From 8e5688dc45f5a76d145d03a859ad0160a12e43c8 Mon Sep 17 00:00:00 2001
From: James Bornholt <bornholt@amazon.com>
Date: Fri, 27 Oct 2023 10:02:35 -0500
Subject: [PATCH] Allow repeated readdir offsets (#581)

* Allow repeated readdir offsets

POSIX allows seeking an open directory handle, which in FUSE means the
`offset` can be any offset we've previously returned. This is pretty
annoying for us to implement since we're streaming directory entries
from S3 with ListObjects, which can't resume from an arbitrary index,
and can't fit its continuation tokens into a 64-bit offset anyway. So
we're probably never going to truly support seeking a directory handle.

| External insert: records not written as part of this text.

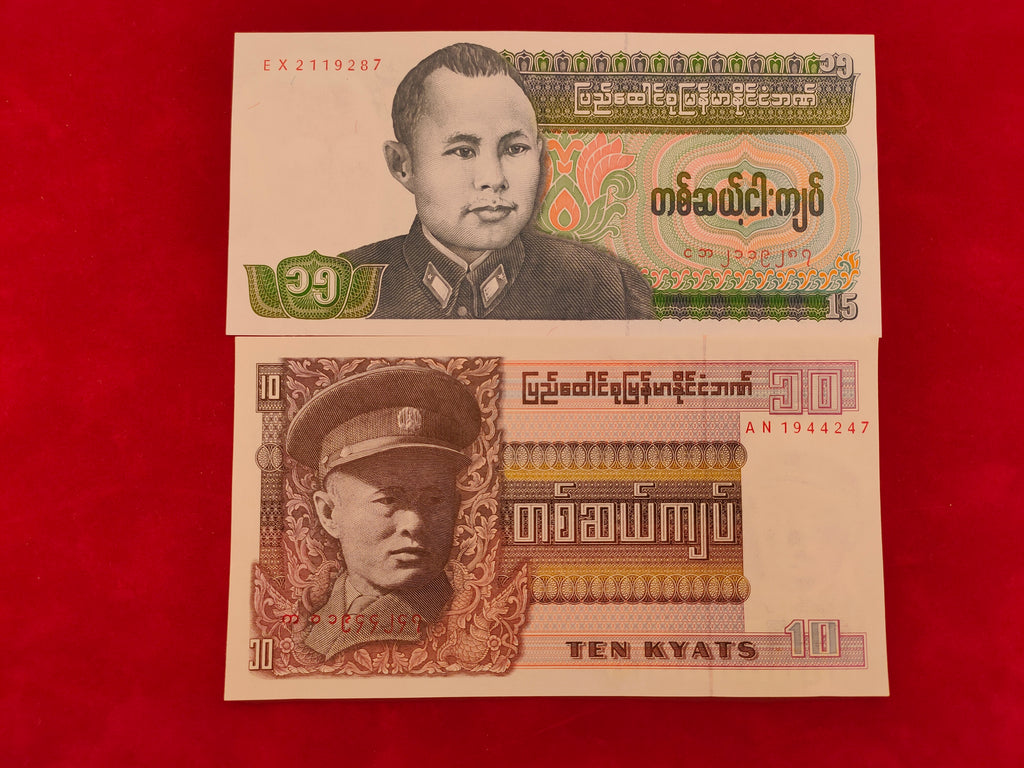 UNION OF BURMA BANK 10,35,5,15 KYATS  (C397)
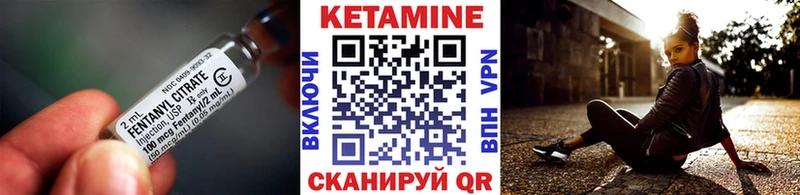 гидра зеркало  Северск  Кетамин ketamine  купить  
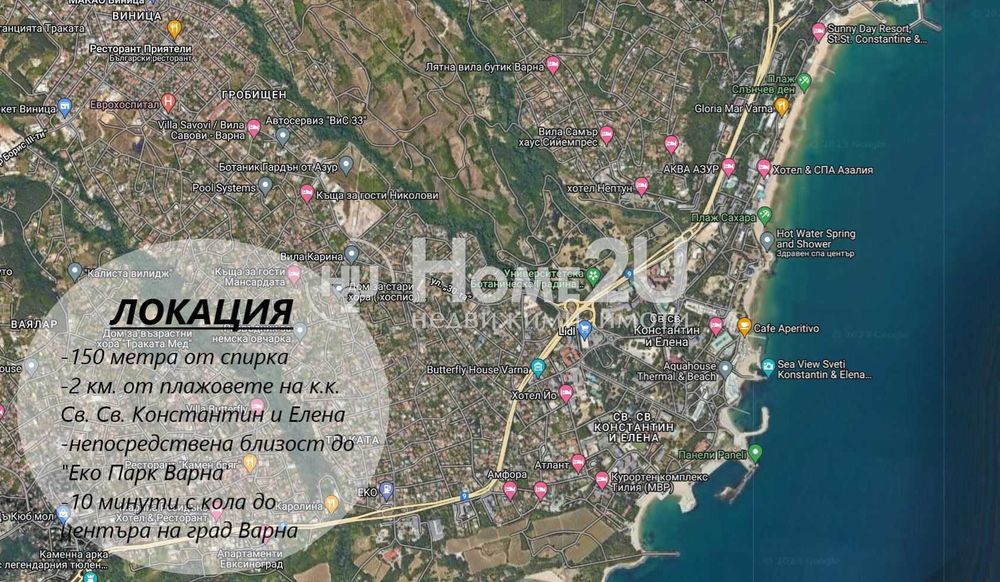 Продава се Тристаен апартамент в Варна, м-т Траката - 95 кв.м за 1369 €/кв.м - Снимка #4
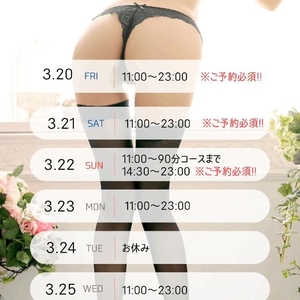 🐈‍⬛大変身💖🐈‍⬛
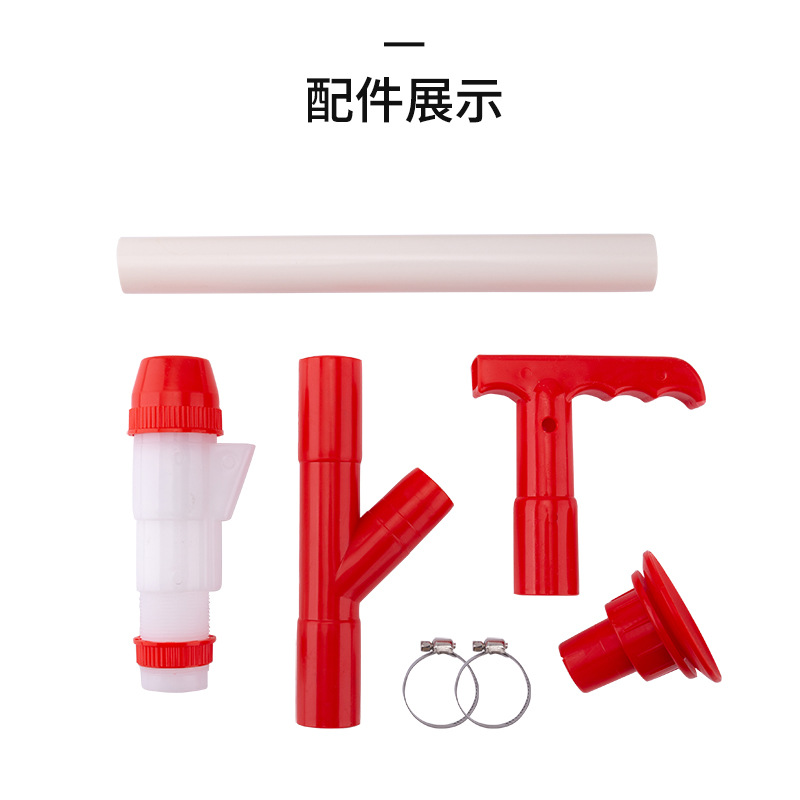 Internet celebridad agrícola manual maíz aplicador de fertilizantes Punto de eliminación de grasa máquina de fertilizantes mochila vegetal multifunción esparcidor de fertilizantes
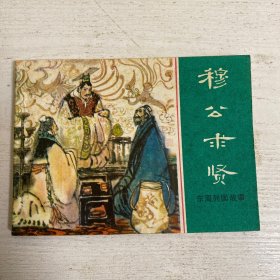 穆公求贤 连环画  未翻阅 九五品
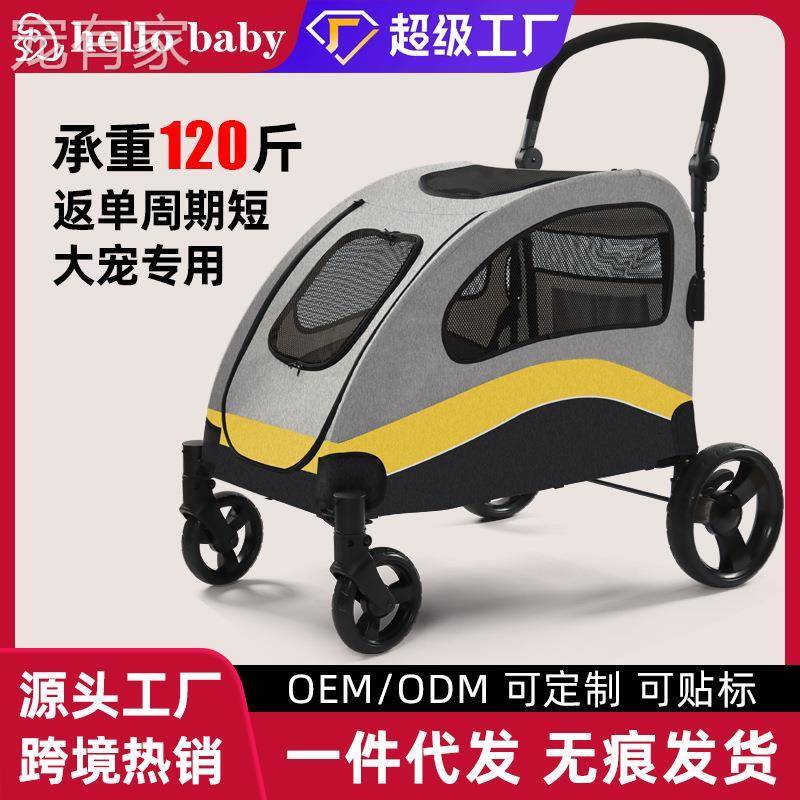 亞馬遜中大型輕便寵物車可折疊貓推車承重120斤遛狗狗手推車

But there's a special case we've seen come up a couple of times (#477, #520):
some applications read one page of directory entries and then seek back
to 0 and do it again. I don't fully understand _why_ they do this, but
it's common enough that it's worth special casing.

This change makes open directory handles remember their most recent
response so that they can repeat it if asked for the same offset again.
It's not too complicated other than needing to make sure we do
readdirplus correctly (managing the lookup counts for entries that are
being returned a second time).

I've tested this by running the PHP example from #477, which now works.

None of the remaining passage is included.